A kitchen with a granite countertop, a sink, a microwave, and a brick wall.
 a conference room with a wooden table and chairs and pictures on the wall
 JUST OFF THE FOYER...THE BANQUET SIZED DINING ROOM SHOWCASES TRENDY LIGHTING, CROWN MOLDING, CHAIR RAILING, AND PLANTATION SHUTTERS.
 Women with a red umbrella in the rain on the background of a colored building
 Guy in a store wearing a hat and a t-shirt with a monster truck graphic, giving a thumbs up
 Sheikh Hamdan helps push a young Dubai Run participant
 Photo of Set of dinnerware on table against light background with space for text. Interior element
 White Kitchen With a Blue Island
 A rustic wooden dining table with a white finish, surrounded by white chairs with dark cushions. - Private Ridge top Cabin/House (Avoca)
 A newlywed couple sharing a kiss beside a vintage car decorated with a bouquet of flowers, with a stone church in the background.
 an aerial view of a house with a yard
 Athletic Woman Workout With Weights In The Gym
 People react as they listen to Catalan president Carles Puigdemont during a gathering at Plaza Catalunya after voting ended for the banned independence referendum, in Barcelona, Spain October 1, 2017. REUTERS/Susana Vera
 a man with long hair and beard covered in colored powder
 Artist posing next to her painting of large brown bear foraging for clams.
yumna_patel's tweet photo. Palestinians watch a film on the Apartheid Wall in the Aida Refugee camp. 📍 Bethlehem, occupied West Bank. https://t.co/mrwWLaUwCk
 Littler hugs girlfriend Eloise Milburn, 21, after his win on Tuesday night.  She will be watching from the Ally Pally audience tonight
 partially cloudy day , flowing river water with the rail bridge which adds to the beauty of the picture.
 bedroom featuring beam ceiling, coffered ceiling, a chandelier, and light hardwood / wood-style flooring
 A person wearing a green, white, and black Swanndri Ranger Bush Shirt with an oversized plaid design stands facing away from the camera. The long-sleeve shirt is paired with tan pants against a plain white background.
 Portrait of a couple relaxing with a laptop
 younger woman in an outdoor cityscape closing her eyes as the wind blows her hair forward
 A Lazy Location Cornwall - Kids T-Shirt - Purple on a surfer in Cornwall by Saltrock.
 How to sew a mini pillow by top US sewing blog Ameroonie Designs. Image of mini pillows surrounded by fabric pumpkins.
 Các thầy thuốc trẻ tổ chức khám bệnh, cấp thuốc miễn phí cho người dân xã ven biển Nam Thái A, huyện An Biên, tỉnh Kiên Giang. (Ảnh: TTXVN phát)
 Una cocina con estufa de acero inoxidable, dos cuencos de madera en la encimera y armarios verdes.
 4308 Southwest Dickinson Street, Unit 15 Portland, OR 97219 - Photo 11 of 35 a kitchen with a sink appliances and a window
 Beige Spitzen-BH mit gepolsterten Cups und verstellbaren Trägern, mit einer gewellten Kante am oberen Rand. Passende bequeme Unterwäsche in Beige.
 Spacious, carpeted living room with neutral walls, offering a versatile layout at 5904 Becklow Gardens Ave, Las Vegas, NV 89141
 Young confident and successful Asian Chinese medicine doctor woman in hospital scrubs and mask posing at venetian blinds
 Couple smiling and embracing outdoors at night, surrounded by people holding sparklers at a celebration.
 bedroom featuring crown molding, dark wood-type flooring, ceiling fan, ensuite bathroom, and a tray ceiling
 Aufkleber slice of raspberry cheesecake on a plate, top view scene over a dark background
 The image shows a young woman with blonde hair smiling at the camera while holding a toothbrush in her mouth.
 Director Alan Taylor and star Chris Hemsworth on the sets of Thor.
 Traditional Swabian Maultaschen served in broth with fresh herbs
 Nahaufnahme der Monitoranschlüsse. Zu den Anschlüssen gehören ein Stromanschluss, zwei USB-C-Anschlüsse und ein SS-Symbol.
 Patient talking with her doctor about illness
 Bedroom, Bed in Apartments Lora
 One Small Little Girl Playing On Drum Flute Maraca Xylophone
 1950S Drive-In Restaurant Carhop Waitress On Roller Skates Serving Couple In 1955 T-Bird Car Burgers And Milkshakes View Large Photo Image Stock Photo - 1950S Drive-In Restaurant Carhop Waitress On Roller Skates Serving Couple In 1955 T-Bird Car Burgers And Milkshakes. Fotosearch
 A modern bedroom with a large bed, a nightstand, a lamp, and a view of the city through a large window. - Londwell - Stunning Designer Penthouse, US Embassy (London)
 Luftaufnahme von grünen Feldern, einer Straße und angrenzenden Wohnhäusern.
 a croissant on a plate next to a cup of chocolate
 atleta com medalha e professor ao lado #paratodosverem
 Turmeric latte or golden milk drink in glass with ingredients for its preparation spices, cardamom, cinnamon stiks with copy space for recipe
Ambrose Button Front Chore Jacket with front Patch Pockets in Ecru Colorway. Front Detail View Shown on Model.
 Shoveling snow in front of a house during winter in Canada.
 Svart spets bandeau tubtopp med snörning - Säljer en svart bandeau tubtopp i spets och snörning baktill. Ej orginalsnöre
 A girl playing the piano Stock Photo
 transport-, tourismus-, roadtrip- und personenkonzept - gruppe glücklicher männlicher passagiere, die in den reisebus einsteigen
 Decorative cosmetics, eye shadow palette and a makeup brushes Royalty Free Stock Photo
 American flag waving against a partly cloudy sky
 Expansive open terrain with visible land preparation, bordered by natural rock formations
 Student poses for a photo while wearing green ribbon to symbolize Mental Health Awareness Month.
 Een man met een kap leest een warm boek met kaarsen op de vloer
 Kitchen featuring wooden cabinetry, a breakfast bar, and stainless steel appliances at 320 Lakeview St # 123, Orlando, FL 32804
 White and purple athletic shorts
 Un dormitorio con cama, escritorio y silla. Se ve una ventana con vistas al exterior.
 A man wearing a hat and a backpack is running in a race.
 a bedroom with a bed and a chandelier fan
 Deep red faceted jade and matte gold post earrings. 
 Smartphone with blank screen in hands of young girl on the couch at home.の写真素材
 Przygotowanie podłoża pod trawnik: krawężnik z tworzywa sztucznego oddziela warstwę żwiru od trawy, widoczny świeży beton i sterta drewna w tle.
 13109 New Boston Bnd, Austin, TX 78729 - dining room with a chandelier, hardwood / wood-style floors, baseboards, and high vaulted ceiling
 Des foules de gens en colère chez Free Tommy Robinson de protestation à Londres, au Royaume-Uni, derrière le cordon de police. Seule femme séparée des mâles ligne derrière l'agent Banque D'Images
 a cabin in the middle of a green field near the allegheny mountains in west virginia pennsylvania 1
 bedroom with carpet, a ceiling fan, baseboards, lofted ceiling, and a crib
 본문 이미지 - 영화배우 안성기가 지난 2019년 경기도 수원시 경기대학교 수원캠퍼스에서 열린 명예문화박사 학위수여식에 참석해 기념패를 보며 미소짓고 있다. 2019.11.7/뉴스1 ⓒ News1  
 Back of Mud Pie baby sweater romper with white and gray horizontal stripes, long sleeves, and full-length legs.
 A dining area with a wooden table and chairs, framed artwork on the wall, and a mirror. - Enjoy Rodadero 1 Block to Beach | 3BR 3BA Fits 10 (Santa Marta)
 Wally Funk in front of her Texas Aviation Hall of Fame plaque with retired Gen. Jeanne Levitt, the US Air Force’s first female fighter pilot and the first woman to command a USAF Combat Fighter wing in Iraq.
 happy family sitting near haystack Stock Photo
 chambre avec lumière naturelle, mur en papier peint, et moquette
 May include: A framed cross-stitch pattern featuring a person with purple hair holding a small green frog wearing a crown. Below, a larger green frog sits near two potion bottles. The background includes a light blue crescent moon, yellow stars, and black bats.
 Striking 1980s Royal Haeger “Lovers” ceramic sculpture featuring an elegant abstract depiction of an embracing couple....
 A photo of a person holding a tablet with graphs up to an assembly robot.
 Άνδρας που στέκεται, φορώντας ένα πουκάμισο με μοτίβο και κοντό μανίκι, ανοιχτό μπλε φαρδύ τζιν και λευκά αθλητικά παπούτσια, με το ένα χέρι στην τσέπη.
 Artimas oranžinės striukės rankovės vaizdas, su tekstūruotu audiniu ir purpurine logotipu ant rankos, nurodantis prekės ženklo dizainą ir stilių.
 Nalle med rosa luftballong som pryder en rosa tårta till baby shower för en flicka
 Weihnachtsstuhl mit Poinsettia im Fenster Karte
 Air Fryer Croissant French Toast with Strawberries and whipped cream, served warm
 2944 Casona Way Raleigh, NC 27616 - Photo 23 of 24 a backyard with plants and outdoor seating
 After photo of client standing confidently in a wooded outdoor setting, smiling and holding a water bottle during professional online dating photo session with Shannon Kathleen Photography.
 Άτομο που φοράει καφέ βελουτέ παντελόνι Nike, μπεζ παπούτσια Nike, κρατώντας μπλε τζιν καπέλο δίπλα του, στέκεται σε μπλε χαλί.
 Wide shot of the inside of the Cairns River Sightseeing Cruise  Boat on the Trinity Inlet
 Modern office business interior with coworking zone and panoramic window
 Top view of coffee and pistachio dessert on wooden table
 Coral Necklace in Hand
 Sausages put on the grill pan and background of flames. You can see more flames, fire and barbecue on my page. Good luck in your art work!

_Assignment:_
Above this instruction are the records; retype exactly the lines from the one containing "a man with long" up to and including the one containing "A Lazy Location".

_Reply:_
 a man with long hair and beard covered in colored powder
 Artist posing next to her painting of large brown bear foraging for clams.
yumna_patel's tweet photo. Palestinians watch a film on the Apartheid Wall in the Aida Refugee camp. 📍 Bethlehem, occupied West Bank. https://t.co/mrwWLaUwCk
 Littler hugs girlfriend Eloise Milburn, 21, after his win on Tuesday night.  She will be watching from the Ally Pally audience tonight
 partially cloudy day , flowing river water with the rail bridge which adds to the beauty of the picture.
 bedroom featuring beam ceiling, coffered ceiling, a chandelier, and light hardwood / wood-style flooring
 A person wearing a green, white, and black Swanndri Ranger Bush Shirt with an oversized plaid design stands facing away from the camera. The long-sleeve shirt is paired with tan pants against a plain white background.
 Portrait of a couple relaxing with a laptop
 younger woman in an outdoor cityscape closing her eyes as the wind blows her hair forward
 A Lazy Location Cornwall - Kids T-Shirt - Purple on a surfer in Cornwall by Saltrock.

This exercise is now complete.